=== Begin Enclosure ===
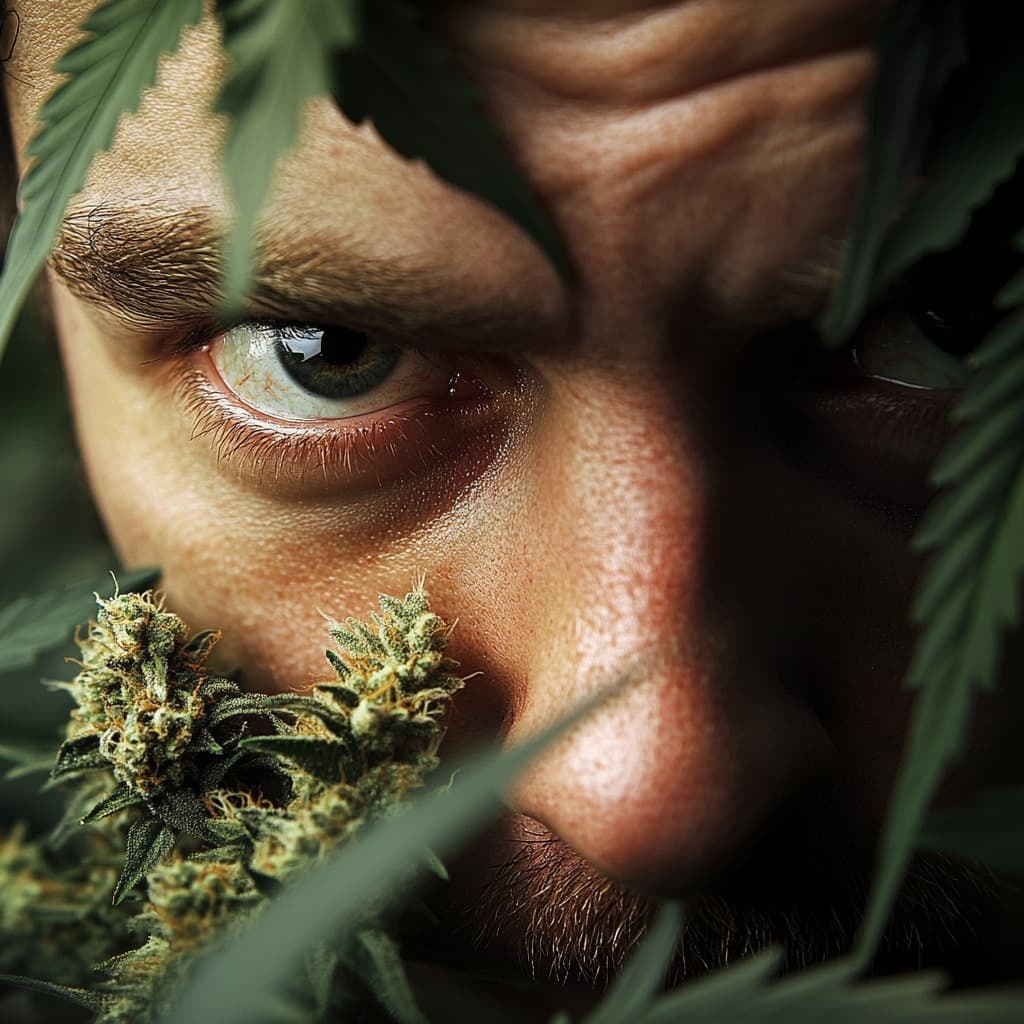 závislost na marihuaně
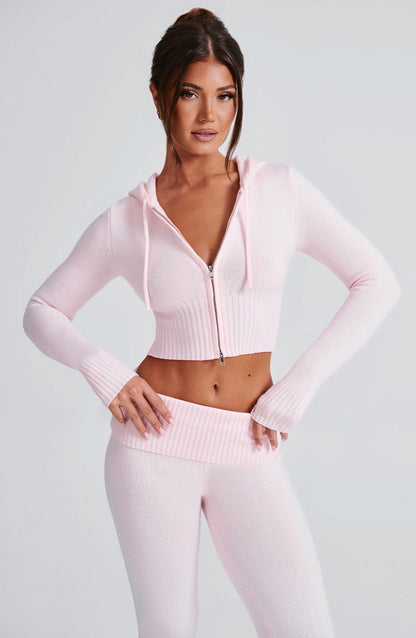 Maglione Portia Rosa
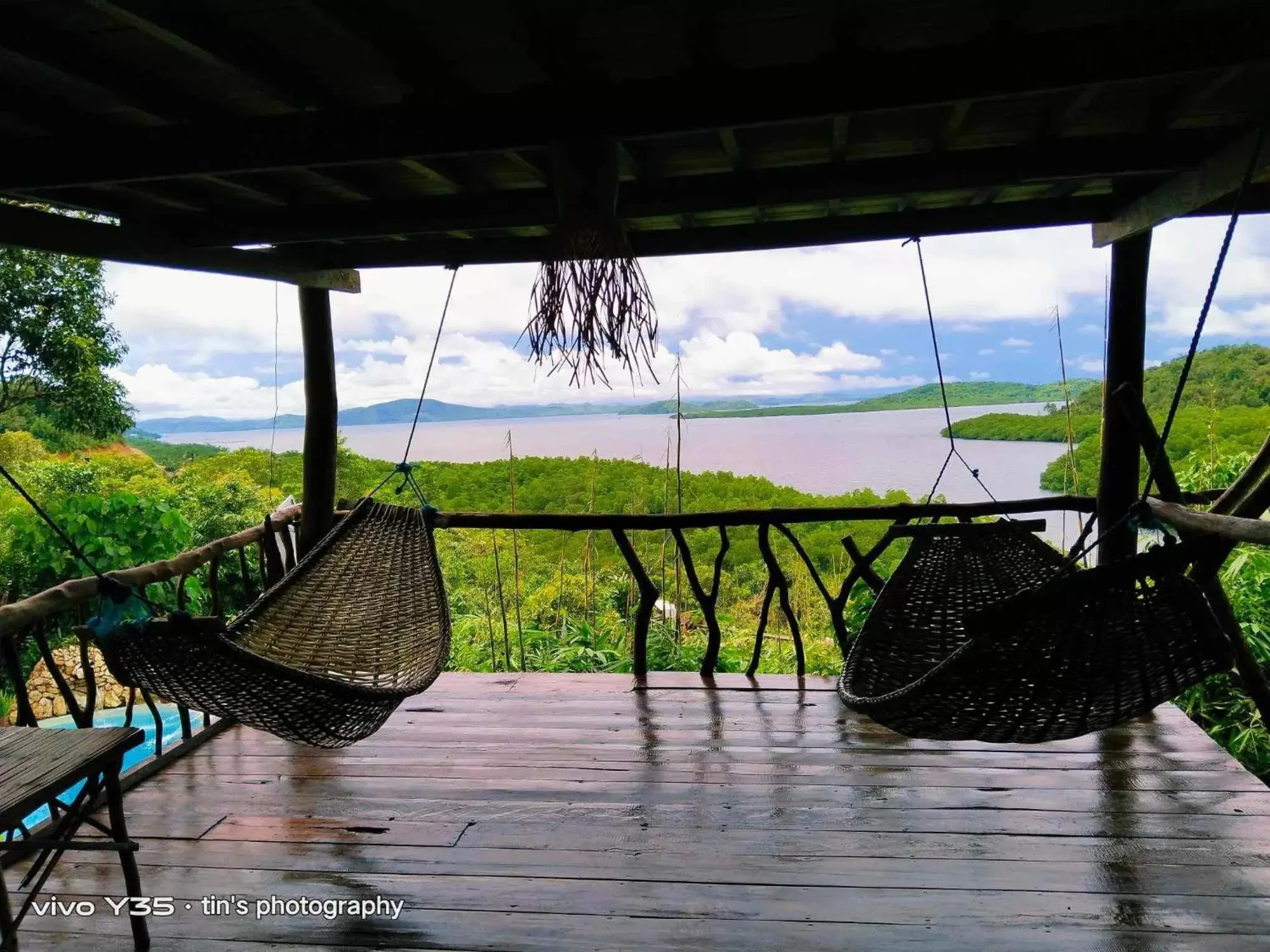 Sanctuaria Treehouses Busuanga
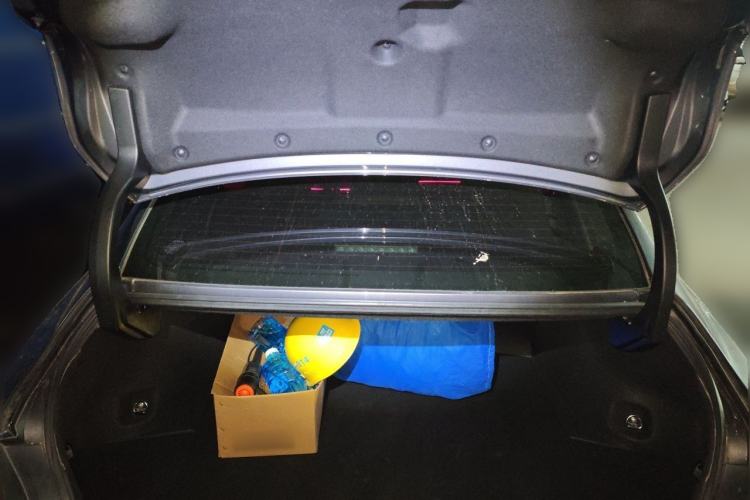 Used Lexus ES 2020 300h Deluxe Edition Trunk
=== End Enclosure ===
Return every line above verbatim, pictures excluded.

 závislost na marihuaně
 Maglione Portia Rosa
 Sanctuaria Treehouses Busuanga
 Used Lexus ES 2020 300h Deluxe Edition Trunk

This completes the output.